> **WHAT YOU HAVE TO DO**
Exclude the images and transcribe the entries below precisely.

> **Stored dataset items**
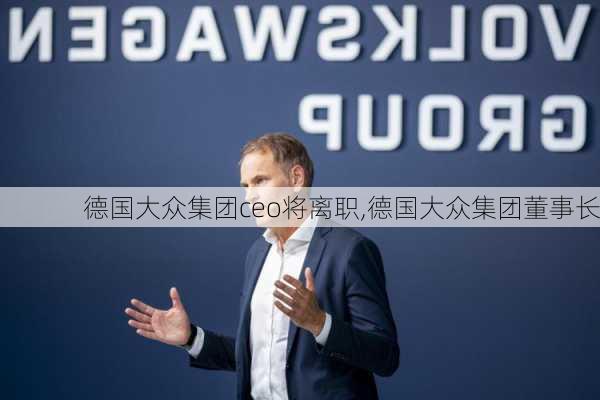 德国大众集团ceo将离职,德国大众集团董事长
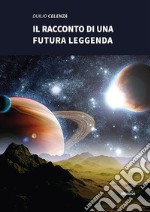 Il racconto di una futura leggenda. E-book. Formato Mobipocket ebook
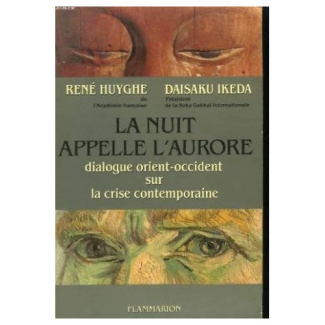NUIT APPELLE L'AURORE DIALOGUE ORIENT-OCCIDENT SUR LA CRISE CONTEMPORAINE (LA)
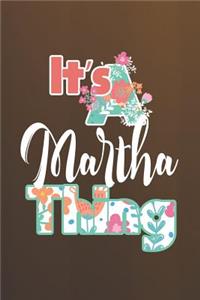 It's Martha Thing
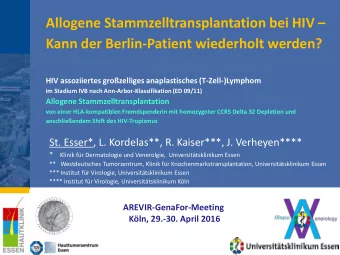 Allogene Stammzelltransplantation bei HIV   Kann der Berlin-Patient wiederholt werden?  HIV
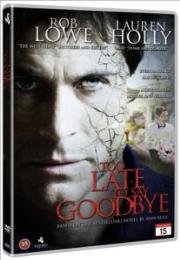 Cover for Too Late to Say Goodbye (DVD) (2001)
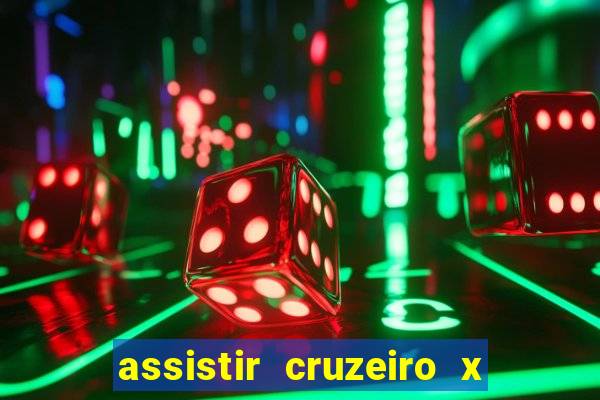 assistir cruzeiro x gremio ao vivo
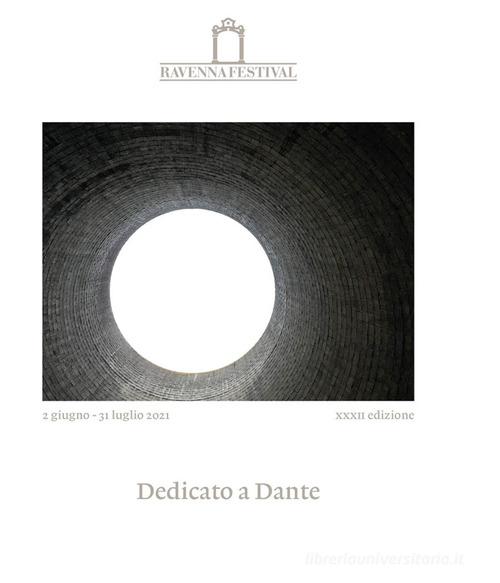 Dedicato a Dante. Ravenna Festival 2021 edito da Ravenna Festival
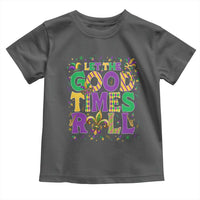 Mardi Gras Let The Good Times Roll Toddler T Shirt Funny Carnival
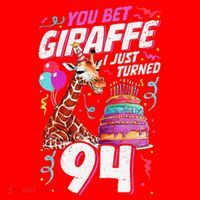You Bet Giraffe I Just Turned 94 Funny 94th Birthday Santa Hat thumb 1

> **SOLUTION TO THE EXERCISE**
 德国大众集团ceo将离职,德国大众集团董事长
 Il racconto di una futura leggenda. E-book. Formato Mobipocket ebook
NUIT APPELLE L'AURORE DIALOGUE ORIENT-OCCIDENT SUR LA CRISE CONTEMPORAINE (LA)
 It's Martha Thing
 Allogene Stammzelltransplantation bei HIV   Kann der Berlin-Patient wiederholt werden?  HIV
 Cover for Too Late to Say Goodbye (DVD) (2001)
 assistir cruzeiro x gremio ao vivo
 Dedicato a Dante. Ravenna Festival 2021 edito da Ravenna Festival
 Mardi Gras Let The Good Times Roll Toddler T Shirt Funny Carnival
You Bet Giraffe I Just Turned 94 Funny 94th Birthday Santa Hat thumb 1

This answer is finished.